Here’s a real application I just finished involving some basic combinatorial construction. Maybe it’s too elementary for your course—I don’t know—but it took me and a very smart student quite a while to get it exactly right. Also, it’s an algorithm problem, really, so while it’s pretty much “find a recursive function” it may be out of scope for a math combinatorics course…

I am building a scheduler, and have a set T of tasks that are ready to run right now. Each task requires some capacity resources given by a function r : T -> R, and there’s some amount k : R of the resource available. Further, there’s some difference function – : R -> R -> R that subtracts resources in a monotonically non-increasing way, and some boolean test function >= : R -> R -> B that returns true iff the resource on its left is greater than or equal to that on the right. (Note that I am being very vague about the resources, as they may vary from problem to problem.)

OK, problems:

1. Give an algorithm for constructing the set of all maximal subsets of T that can be immediately scheduled subject to the given resource bound. A subset T’ of T is maximal if no other task from T can be added to T’ without exceeding the available resource.

2. Assume that the subsets T’ must be constructed efficiently, using only the set operation insert : T -> P(T) -> P(T) that inserts an element into an existing set, starting with the empty set. No subset or other set operations are allowed.

3. Instead of a set of tasks, assume that I start with a sequence T of tasks and want to generate a sequence of subsequences. Generate the subsequences T’ in lexicographic increasing order on T.

I have a solution if you want it, but I suspect you will find it fairly quickly.

Hope this helps!

What do you mean by asymptotics? I was going to suggest covering extremal combinatorics/probabilistic method (stuff involving Ramsey theory or Lovasz Local Lemma.) That stuff is super cool!

umbral calculus? this stuff is so beautiful, and undervalued. students that are comfortable with linear algebra can appreciate this. my personal favorite is one of the foundational papers of rota, where he writes on sequences of binomial type.

rook polynomials? this serves to illustrate the power of the “deletion-contraction” type recurrences that you will surely cover in the graph theory portion of the course.

q-binomial theorem, partition identities.

by combinatorial geometry do you mean this in the sense of rota (i.e., matroids!)?

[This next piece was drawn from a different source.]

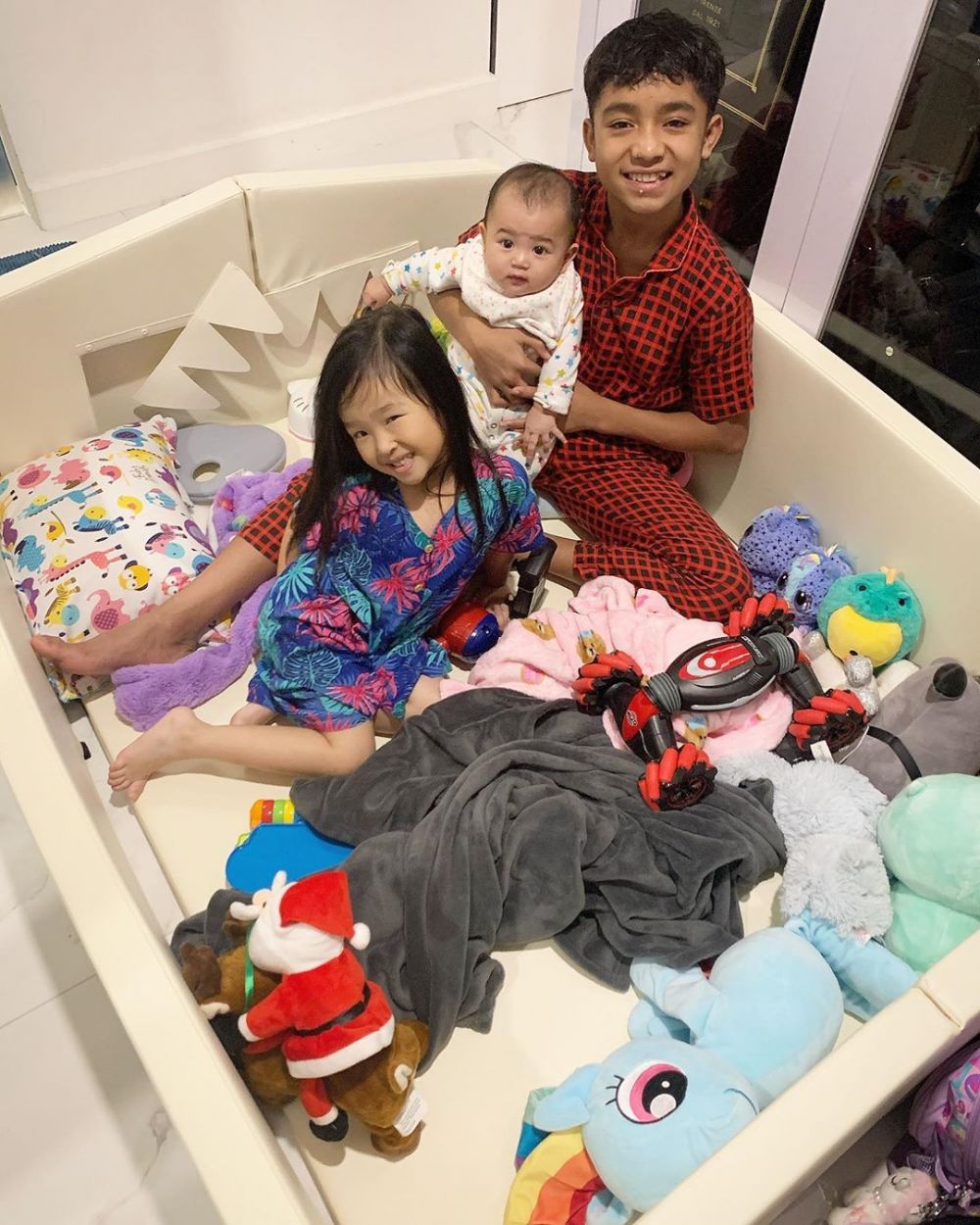 10 Momen Betrand Peto momong Thalia & Thania, bukti kakak idaman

I second the suggestion of the stable marriage problem. It’s a lovely result with significant real-life applications (not to mention scope for anthropological speculation). The one time I taught it, my students really enjoyed it.

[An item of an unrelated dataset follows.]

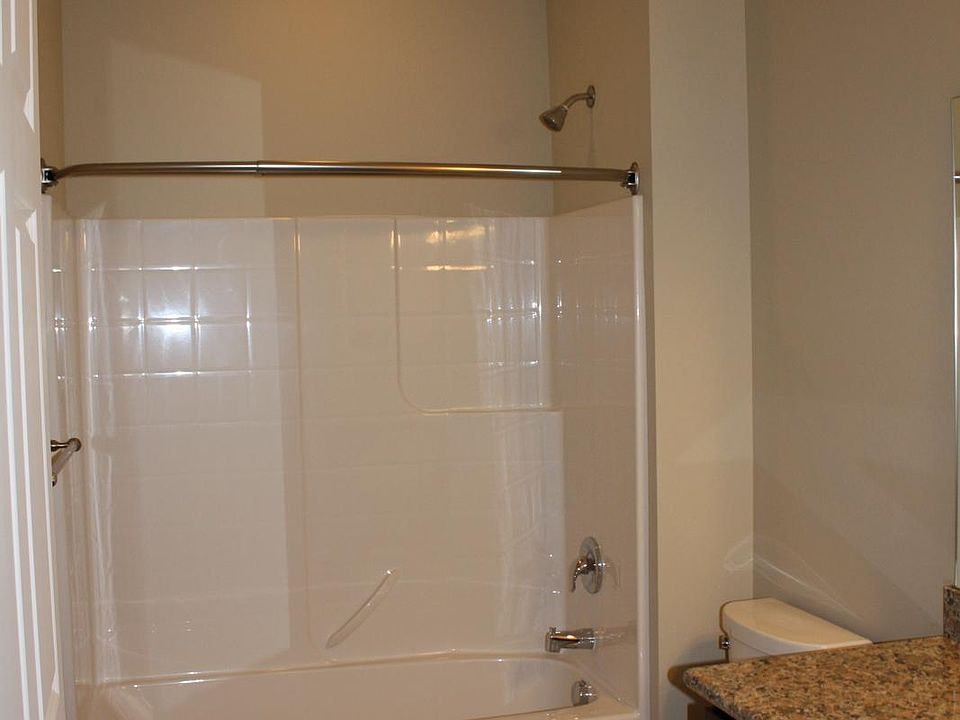 1st image of 630 N Trafton St #81wjypy3v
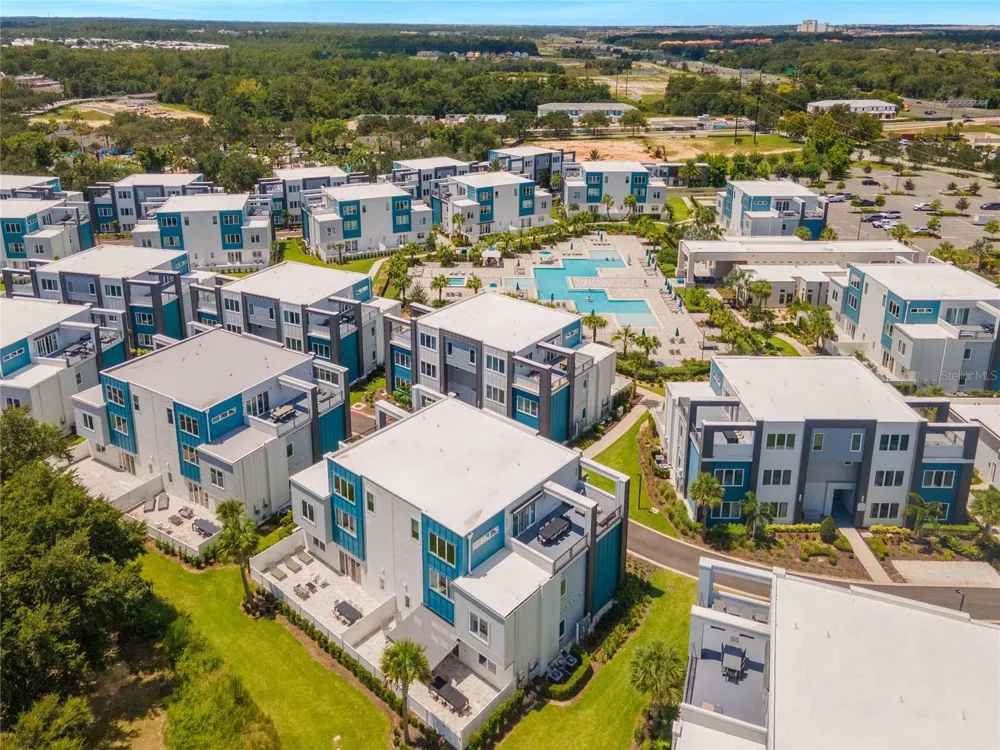 7770 SANDY RIDGE DRIVE #110 Reunion, FL 34747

Arrow’s impossibility theorem is another nice easy applied result, which only depends on a bit of poset theory for the setup.

Probabilistic proofs of existence are something which I think are pretty interesting, and stretch students’ minds a bit. It’s not the most interesting result, but one example is the proof of the existence of tournaments with many Hamiltonian paths. (An advantage is that you can make the probabilistic argument without actually using any probability. Though I would, for my own use, welcome better suggestions!)

Purely in terms of applications, one of the major ways of doing register allocation in computer science is via graph colouring (and analysis of graph colouring is how register allocation is shown to be NP complete). That’s 20-odd years old. About 5 years ago it was shown that a particular non-executable program representation (SSA form) always gives rise to chordal graphs, which means that greedy graph colouring algorithms can be used to obtain optimal colourings. (The NP-completeness hasn’t gone away, the conversion from coloured SSA form to coloured executable form can require extending the graph or modifying the colouring in ways which sometimes “blow up” exponentially.)

Unfortunately this probably doesn’t have much that’s interesting to talk about on the graph theory side of things, so it’s just a listable example.

Thanks for all the suggestions so far, and feel free to keep them coming.